Page:Revue des Deux Mondes - 1916 - tome 31.djvu/890

La bibliothèque libre.
Le texte de cette page a été corrigé et est conforme au fac-similé.

Les notes qui existent au département des Affaires étrangères démontrent qu’il aurait pu se présenter des cas de violation de notre neutralité où l’attitude correcte à adopter par nous eût été bien difficile à déterminer de façon certaine et rapide[1] ; mais, je le répète, elles prouvent à l’évidence la ferme résolution qu’avait le gouvernement de s’acquitter avec une scrupuleuse droiture, dans toutes les hypothèses, et quoi qu’il pût en coûter au pays, des devoirs imposés à la Belgique par les traités de 1839.

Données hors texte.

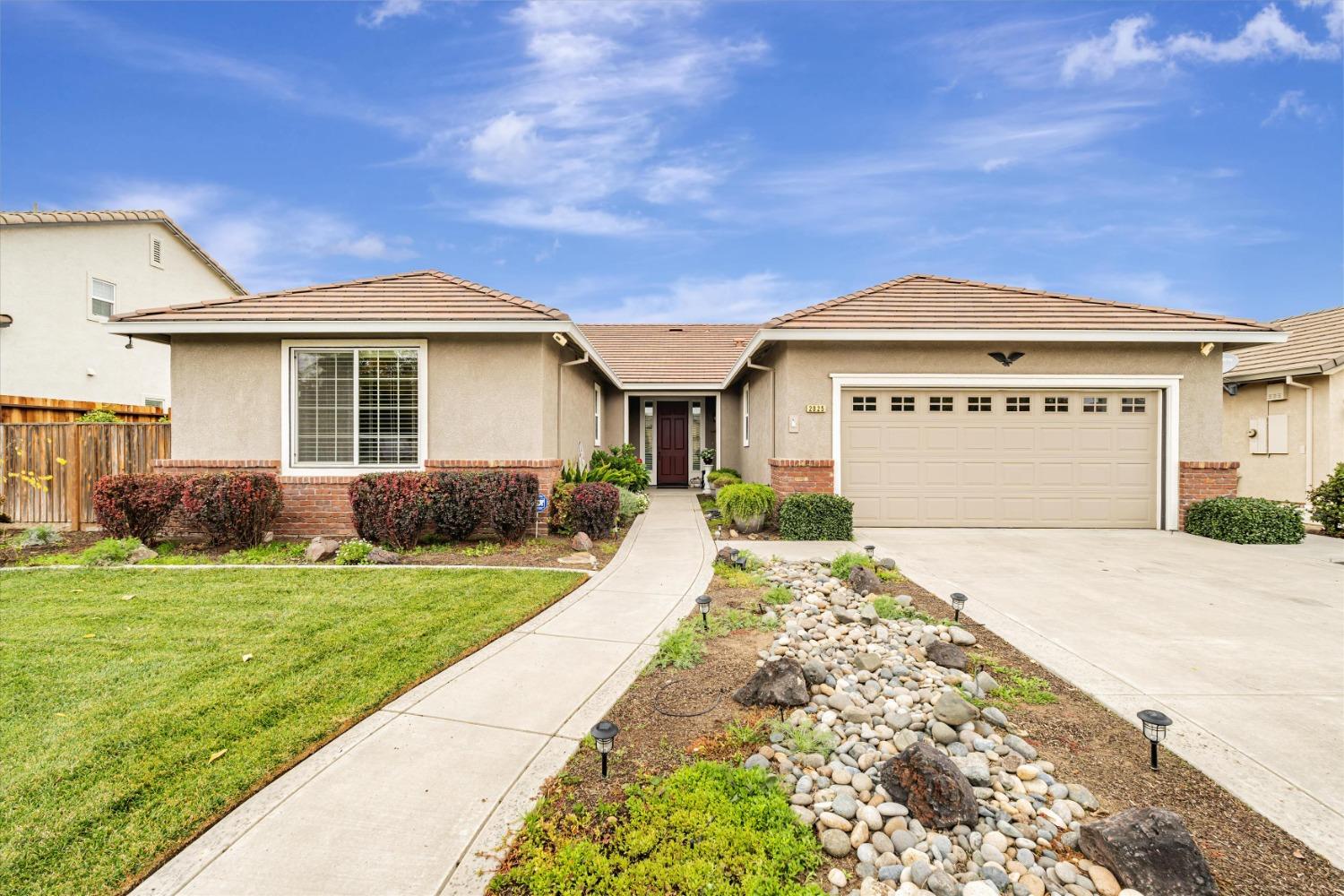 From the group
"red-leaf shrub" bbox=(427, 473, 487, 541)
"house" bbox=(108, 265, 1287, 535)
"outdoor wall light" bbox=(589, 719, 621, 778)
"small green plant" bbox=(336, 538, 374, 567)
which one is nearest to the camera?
→ "outdoor wall light" bbox=(589, 719, 621, 778)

Le régime de la neutralité garantie était destiné, dans la pensée de l’Europe, à nous tenir en dehors des conflits et, si ce but ne pouvait être atteint, à procurer une assistance à notre faiblesse contre un agresseur éventuel. Aujourd’hui, le monde peut juger si, à l’épreuve suprême, la neutralité garantie a répondu aux espoirs qu’on avait fondés sur elle, et le peuple belge est à même d’apprécier si ce cadeau des grandes Puissances a été, en fin de compte, un bienfait pour lui. Il lui appartient de tirer les conclusions qui se dégagent pour l’avenir de la terrible leçon des événemens. Parmi les Puissances voisines de la Belgique, en est-il qui constituent un danger pour son existence, et d’autres sur lesquelles elle peut compter pour sa sauvegarde ? La défaite, l’humiliation ou la diminution de ces dernières à n’importe quelle époque ne risqueraient-elles pas d’être le signal de sa propre disparition comme nation autonome ? Y a-t-il lieu, par conséquent, de fonder la politique future du royaume sur ces considérations, ou est-il possible de reprendre la sérénité et la confiance égale envers toutes les Puissances qui nous étaient imposées autrefois ?… Voilà le problème devant lequel la guerre a placé le peuple et le gouvernement belges.

  1. Par exemple, dans le cas de violation simultanée ou à peu près simultanée par plusieurs belligérans, chacun accusant son adversaire d’avoir commis la première violation et attribuant à sa propre entrée sur notre territoire le caractère de prestation de la garantie.